Using dbt to Execute ELT Pipelines in Snowflake

DevOps and DataOps for Snowflake with dbt and Azure DevOps

John Aven
Hashmap, an NTT DATA Company
12 min readAug 9, 2019

--

by John L. Aven and Prem Dubey

ELT — Extract, Load, and Transform has become increasingly popular over the last few years. This approach, in part, has been driven by the growing popularity of cloud data warehouses, such as Snowflake which our clients are using not only for new cloud data warehouses, but also as the top SaaS, cloud-native solution to migrate from legacy data warehouses such as Netezza, Teradata, Exadata, and traditional Big Data platforms.

Furthermore, with the increasing popularity of DevOps and DataOps practices to increase velocity and reduce risk, it has become desirable to be able to integrate the modification and deployment of changes in a data warehouse through a CI/CD pipeline technology such as Jenkins or Azure DevOps.

With that in mind, we will do our best in this post to provide you with:

  1. An introduction to dbt (Data Build Tool), an open-source DataOps solution
  2. A walkthrough to create an ELT Data Pipeline in Snowflake with dbt
  3. An approach for automating pipeline deployment via a CI/CD pipeline with Azure DevOps.

dbt for DataOps

While Snowflake provides an unmatched cloud data warehousing experience with a multi-cluster, shared data architecture that separates storage from compute (focus on cloud data warehousing), dbt is a game-changing approach to managing ELT workloads (orchestration and management of processing pipelines). Dbt provides a unique level of DataOps functionality that enables Snowflake to do what it does well while abstracting this need away from the cloud data warehouse service.

Dbt brings the software engineering world to the SQL-savvy ELT developer. It treats SQL queries as models — aka a SELECT script within a package. All models — in dbt— represent tables and views within the data warehouse. These models can be versioned, and their schema and data can be tested — much as one would write unit tests for a piece of software code. The models are linked by references to form a DAG (Directed Acyclic Graph) — a very common computing model found in many current data-centric tools (Spark, Airflow, Tensorflow, …). A DAG represents the order of query execution, as well as the lineage of data as generated through the models.

Components of dbt

Everything in dbt is one of three types of files — .sql, .yml, .md. Working in reverse order:

  • .md files are documentation files. They are a variant on traditional markdown and are used as documentation for models
  • .yml files are configuration files. These handle everything from configuring the project (dbt_project.yml) to the detailed configuration and testing in a schema.yml file. Dbt espouses the concept of Configuration-as-Code (CaC), and so most .yml files have some Jinja templating involved — or contain the template parameters for the models. Any configuration can also be (and frequently is) overridden in a .sql file according to design and performance requirements.
  • .sql files contain models and tests. Models are SELECT statements that result in a new (or incrementally updated) table or view in the data warehouse. They can even be ephemeral and only exist while the pipeline is executing. These files are compiled into executable SQL scripts fit to run on the specified database. In fact, in Snowflake, ephemeral tables are nested in the compiled SQL and are effectively temporary tables.
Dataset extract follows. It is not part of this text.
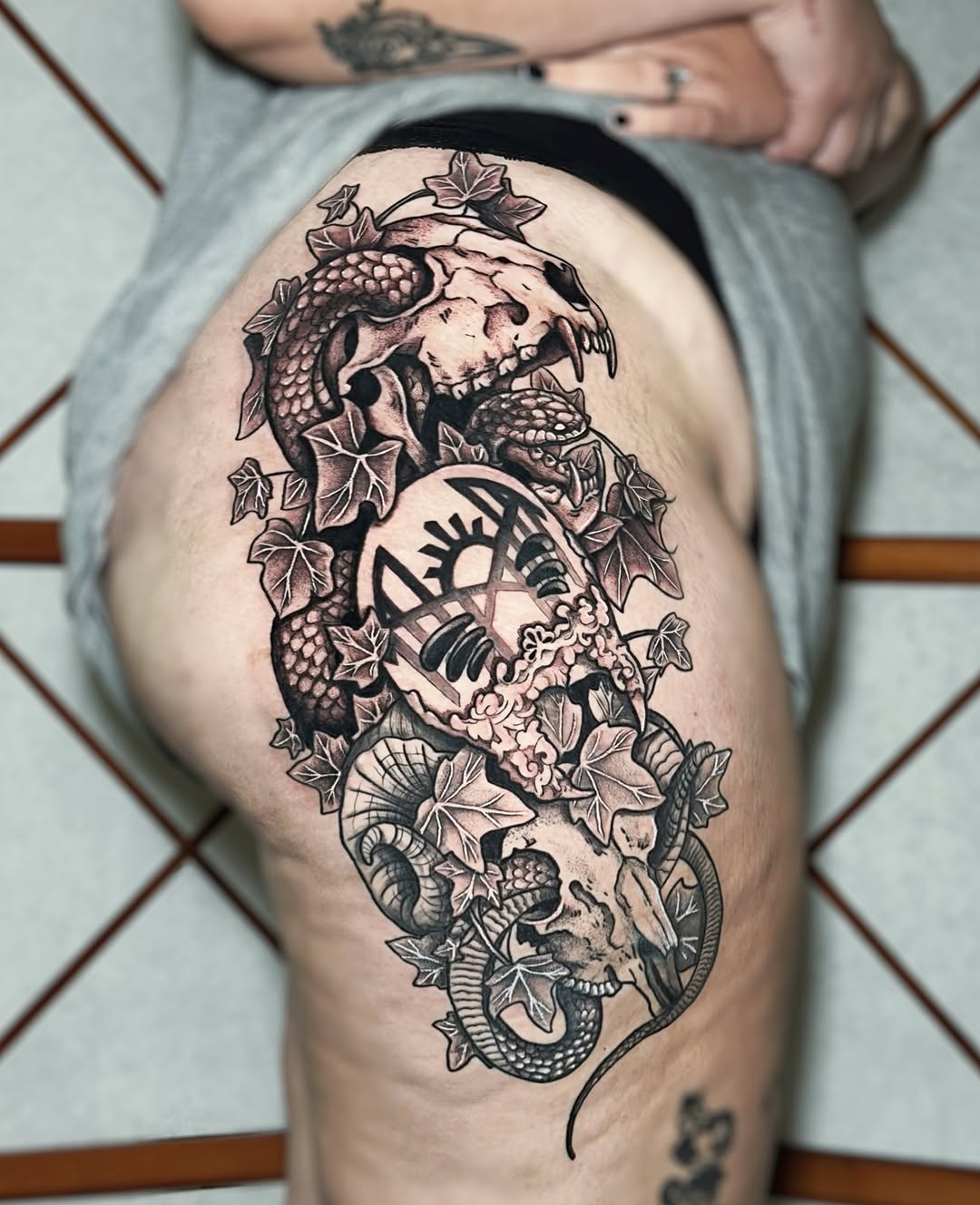 Tattoo by @spookycreature.art โ dark_realism, black_and_grey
After installing dbt via pip (or as we prefer, pipenv) a new project is created with ‘dbt init’.

A dbt project can have many different ‘modules’, and a number of these are highlighted below:

Models

This directory will contain the .sql files that make up the ELT pipeline(s). They are always a select statement and result in the creation of a table, view or ephemeral (temp) table of the data when executed. They form a sequence of execution stages by referencing other models.

Tests

These are .sql files that are used to execute custom tests on data. For example, if you want to make sure a percentage of values in a certain column is within a certain range, you would write a model that would validate this assumption on the resulting model.

Macros

These are .sql files that are templatized with Jinja. The idea is for these models to be highly reusable (think DRY — Don’t Repeat Yourself) and are important in a full CaC solution. In a software engineering solution, these are the functions used to build bigger solutions — and sometimes they too are called macros.

Analysis

These are models which do not run when you deploy the project. Instead, they are designed to be ‘on-demand’ queries that are most frequently associated with specialized views or tables used in analytics solutions — such as a data science pipeline.

Docs

These are markdown files (with special decorations — see official documentation) that are used to document models. These are optional — but should be used in any production environment.

Logs

These are run logs. They are generated when a ‘dbt run’ command is executed.

Target Directories (e.g. dev)

Either when compiling, running or building documentation, these are created. They contain all of the meta content and compiled SQL code.

Not all components shown above have been used in the demo, nor are all types of functionality addressed. If you would like to know more about the functionality supported in dbt please reference the official documentation.

Setting up dbt for Snowflake

To use dbt on Snowflake — either locally or through a CI/CD pipeline, the executing machine should have a profiles.yml within the ~/.dbt directory with the following content (appropriately configured). The ‘sf’ profile below (choose your own name) will be placed in the profile field in the dbt_project.yml.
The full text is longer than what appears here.